Gallius reacted to her familiar voice, but did not look at her. Brave, noble Gallius. Despite her position, despite his fate, he would not risk endangering her. He only had to look upon her to be free.
He would not.
She had no choice. Rushing forward, she threw her arms around him.
“No Tuccia!” he pleaded.
A blow from the hilt of a sword knocked her to the ground. As she fell her cloak parted enough for the guard to see the red and white bands of the goddess. Shamefaced, he ushered her to her feet. The line of condemned men halted as other guards came to the scene.
Regaining her composure, she addressed the forlorn soldier who had struck her.
“I have touched this man. He is pardoned.”
He, and the other guards who had gathered, bowed their heads in respect. This law was beyond all statutes and arguments. Her order predated the Praetorian Guard by seven centuries.
Gallius held his place, his shock visible. The nearest guard produced a ring of keys, stepping forward to free the man.
“Wait!” came a booming command from the rear of the column.
Tuccia felt a cool shiver as she recognised the voice.
The voice of Lucius Aelius Sejanus. Personally responsible for twelve thousand elite soldiers. The man whose power exceeded even the emperor himself. Why was he here today?
His troops parted like obedient children as he strode toward her. His deep bronze shield, breastplate and helmet contrasted with his cold pale complexion. In his hand, a silver lance with an intricately decorated grip. He fixed her in his proud amber gaze.
She stank of the goddess.
“Who are you, bitch?” he demanded.
“My lord,” began the guard who had knocked her down.
Like a striking snake, Sejanus spun the deadly lance in an arc. As he did, the tapering end flared into a narrow blade. Tuccia saw this clearly although it moved at such incredible speed. With a whoosh it was back at the side of Sejanus. The soldier’s severed head slid noiselessly down the angle of the cut. Like an overripe tomato it splotched to the ground.
“I was talking to her” he continued, casually kicking the severed head into the throng.
Tuccia stepped next to Gallius. She loosened her veil to reveal more of her face.
“I am a Virgin of Vestia” she announced boldly but not loudly. “And by my touch I free this man of all false charges against him.”
Sejanus looked over her with obvious contempt.
“The only falsehood before me is that of your chastity” he sneered.
Her mouth fell open in disbelief.
“The pontifex maximus will confirm it” she stammered.
He spat on the ground at her feet.
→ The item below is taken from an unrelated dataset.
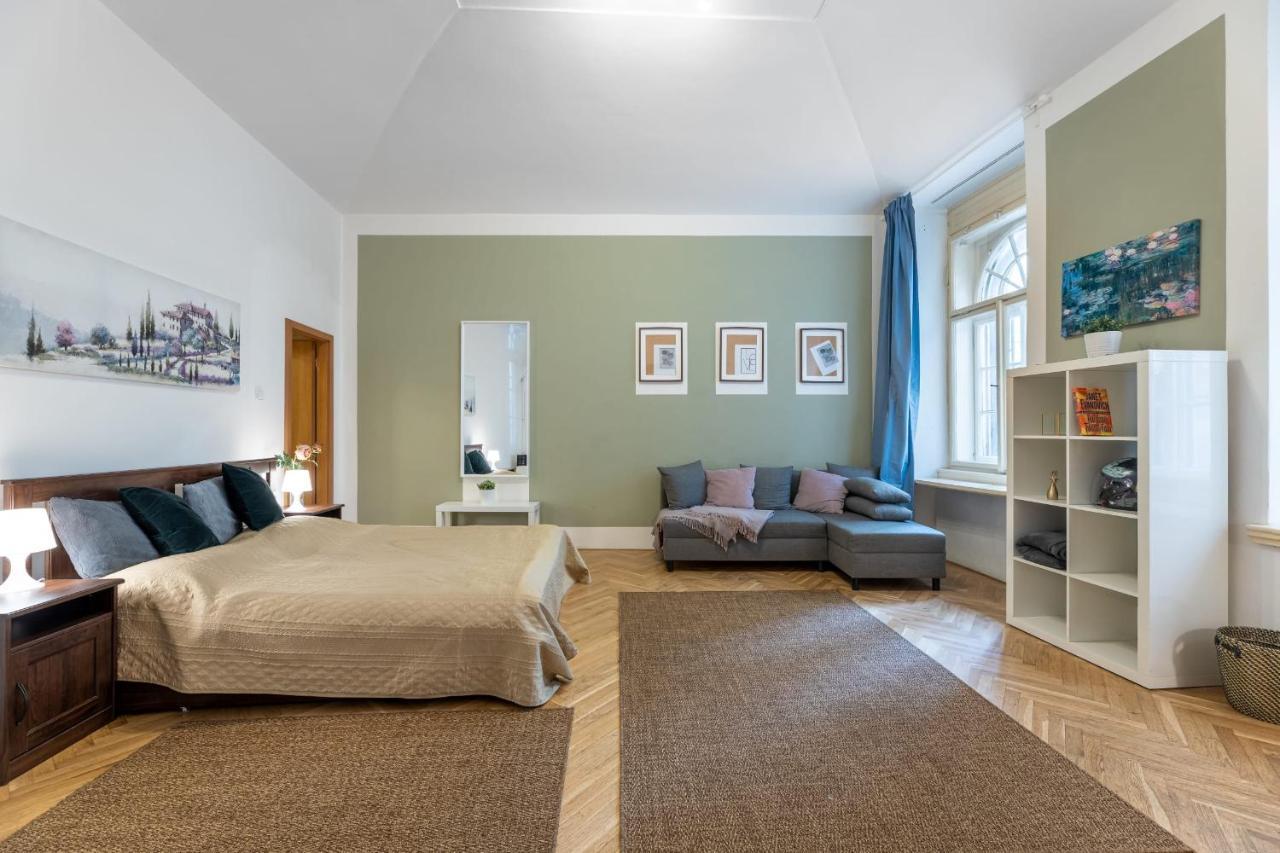 Spacious 3 Bedroom Apartment In The Heart Of Prága Kültér fotó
He strode to her, tearing away her veil to reveal her shorn hair. Then her cloak, uncovering the palla pinned over her left shoulder. Roughly he tore away this shawl of dignity, leaving her bare breasted in the centre of all. The red and white ribbons of Vestia fluttered around her. She made no effort to cover herself.
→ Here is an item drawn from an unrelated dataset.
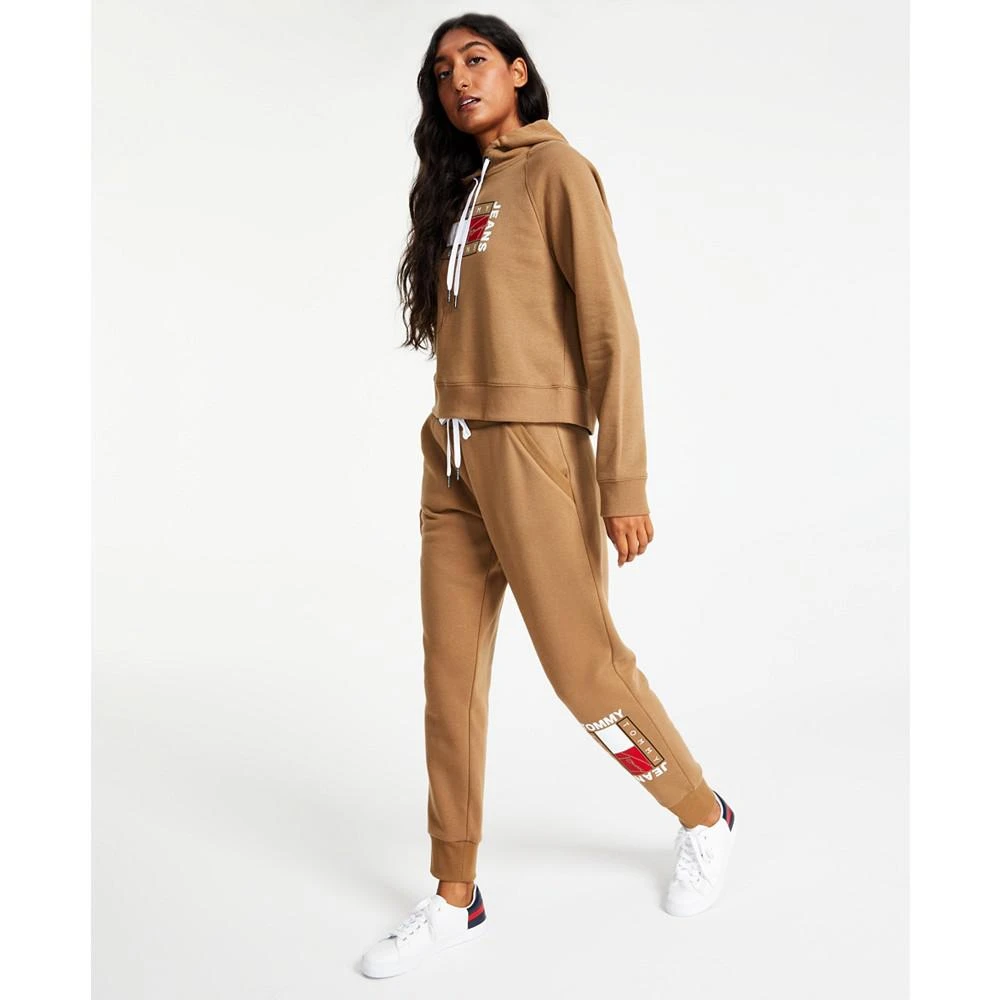 商品Tommy Jeans|Women's  Fleece Flag-Logo Graphic Drawstring Jogger Pants,价格¥308,第3张图片详细描述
“I see the Virgin!” shouted one of the prisoners. Like wild fire, the cry spread amongst the condemned. They all knew that even the sight of a maiden from the temple, while en route to execution, meant their freedom. Their voices grew in number and volume along the line.
“Silence!” bellowed Sejanus. “I see only a whore. For who but a fornicator would throw themselves upon this pig.”
He turned with malice to the shocked Tuccia.
“I offer you the chance to prove yourself. A challenge. For is it not true that your goddess empowers you?” Her knees trembled, threatening to give way, but she held her ground and his terrible gaze.
“My goddess walks with me always” she said bravely.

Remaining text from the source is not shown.